From, Lament of the Banana Man, Evan Jones
EVAN JONES' Banana Man has been replaced with the female sugar cane worker in Golden Grove, St. Thomas. On a very hot day in May our car gently coasted to a halt by a field ditch where, a few feet away women are cutting cane.
We are begging. With generous swipes of the machete, swish, swish, the older woman cleans away the dry trash from the sugar cane stalk. It is a gift for the inquisitive reporter and photographer. We are grateful.
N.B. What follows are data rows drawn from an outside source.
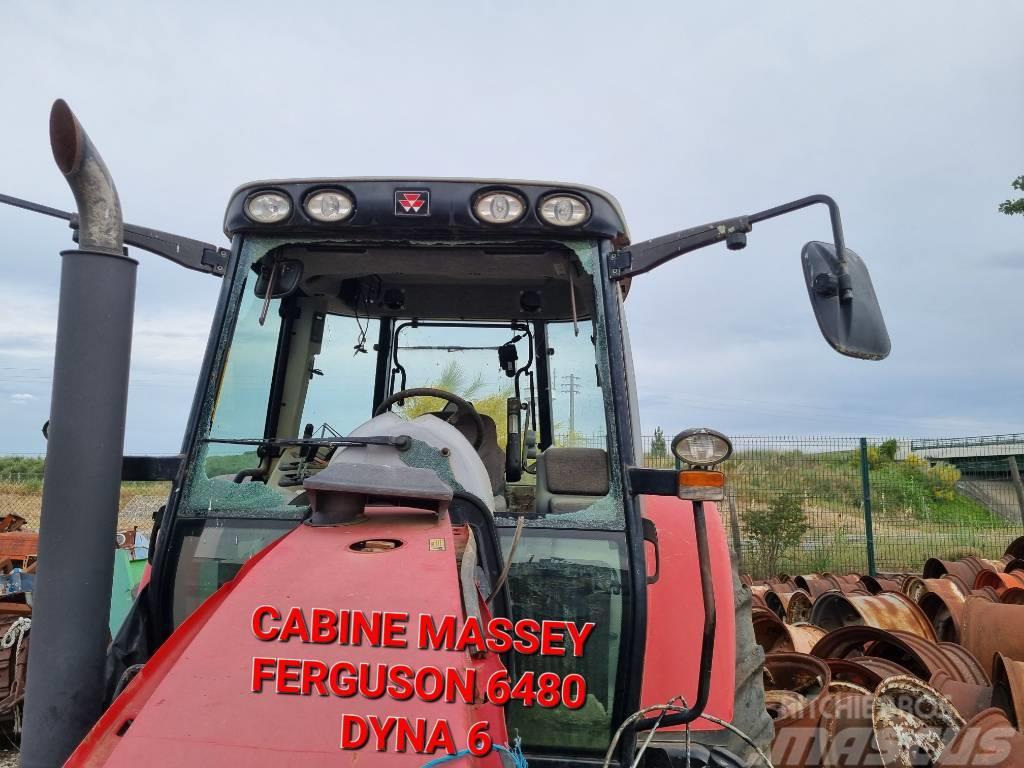  CABINE Massey Ferguson 6480 Dyna 6 Kabine i unutrašnjost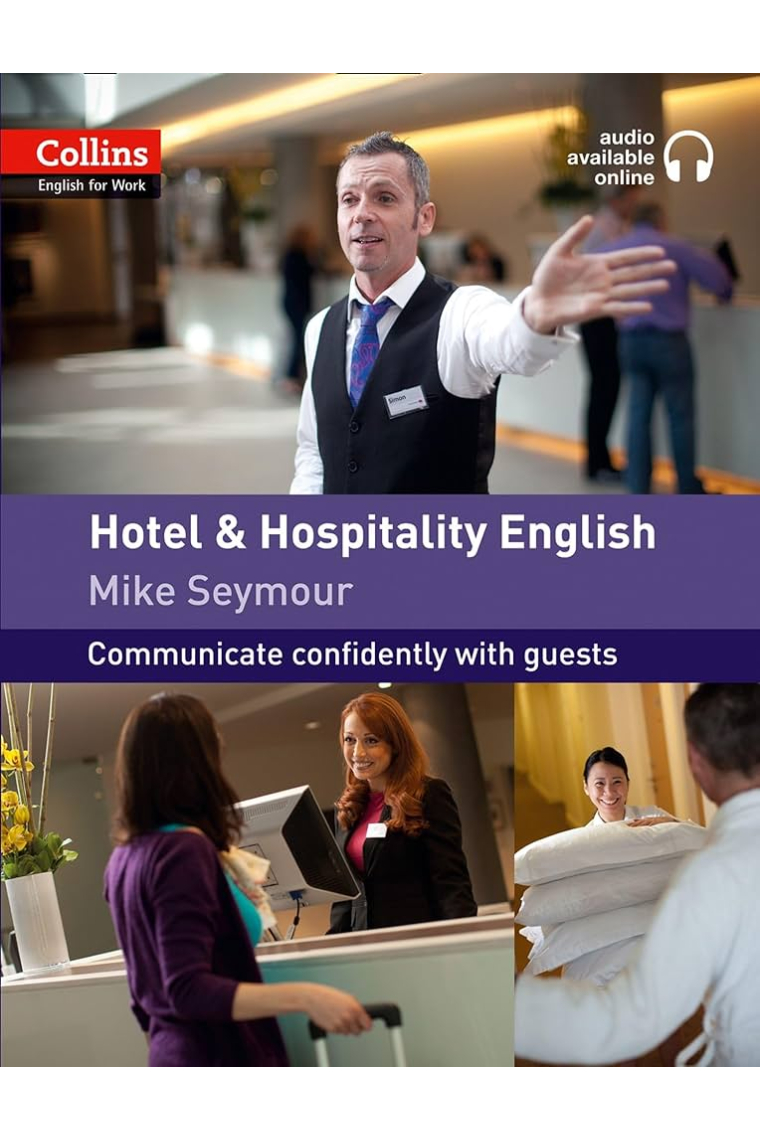 Collins English for Work: Hotel and Hospitality + 2 CD's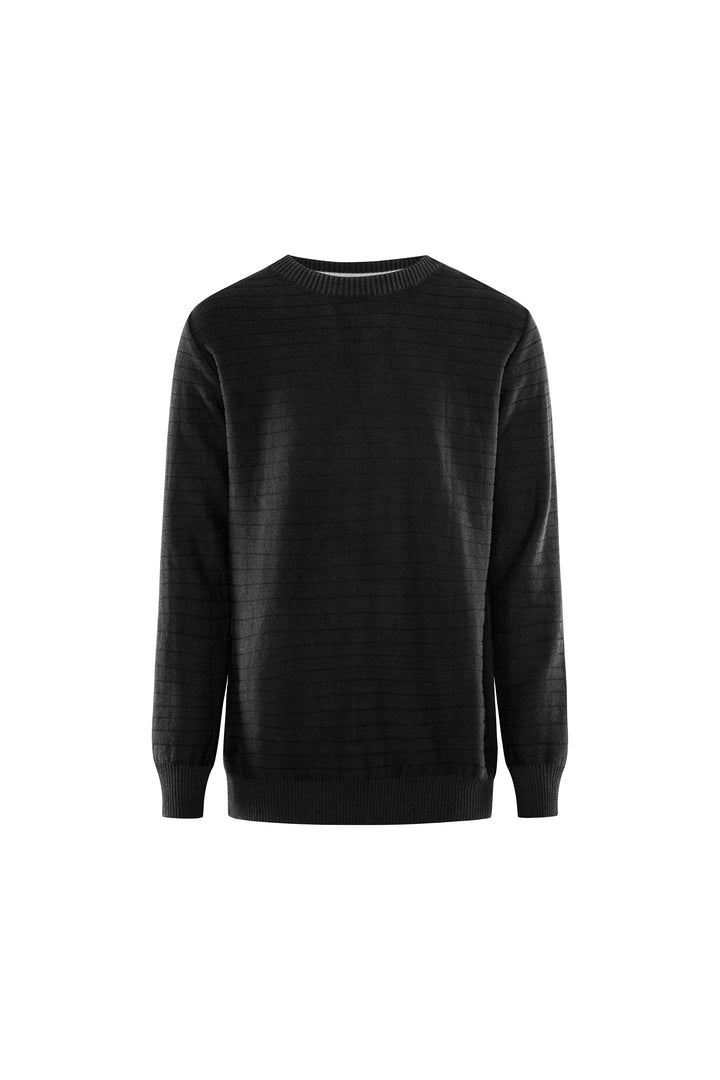 Svart Crewneck VAR Miami Knit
Miles of almost mature sugar cane feature in Golden Grove at this time of year. Our benefactor, a woman aged 60, stopped from her job of rescuing harvested cane from trash to admit that she has been working in the cane field since 1968. "We weed, we fertilise, we carry out the grass. This job pays 300-odd dollars per day. I have been doing this since 1968, manuring and carrying out grass."
Retire
Her children and grandchildren live in Kingston and Winchester, she told us. "I plan to retire soon. I wouldn't mind if I could do it today." She is hoping to leave with a pension.
Around the corner and down the road, seated under the shade of a spreading fruit tree are younger boys who say that there is no work to be had.
"The young boys leave school and have nothing to do," another woman with many grandchildren running inquisitively around her skirt, said in their defence.
It is a smooth road that hurtles eastwards and carries visitors to Golden Grove in St. Thomas (not Portland, though it is near enough). It is an area of ironies, and the contrasts deepen with every few hundred chains, that you travel. The roads are excellent and the little town has every amenity a bank, gas station, schools, stores and more. But, one wonders where is the supporting community.
Golden Grove was once a more vibrant place. It is said that in the '60s and '70s the area was relatively prosperous, buzzing with the activities surrounding Duckenfield Sugar Company and the Bowden Wharf where ships docked to stock up with sugar and bananas for market in the United Kingdom.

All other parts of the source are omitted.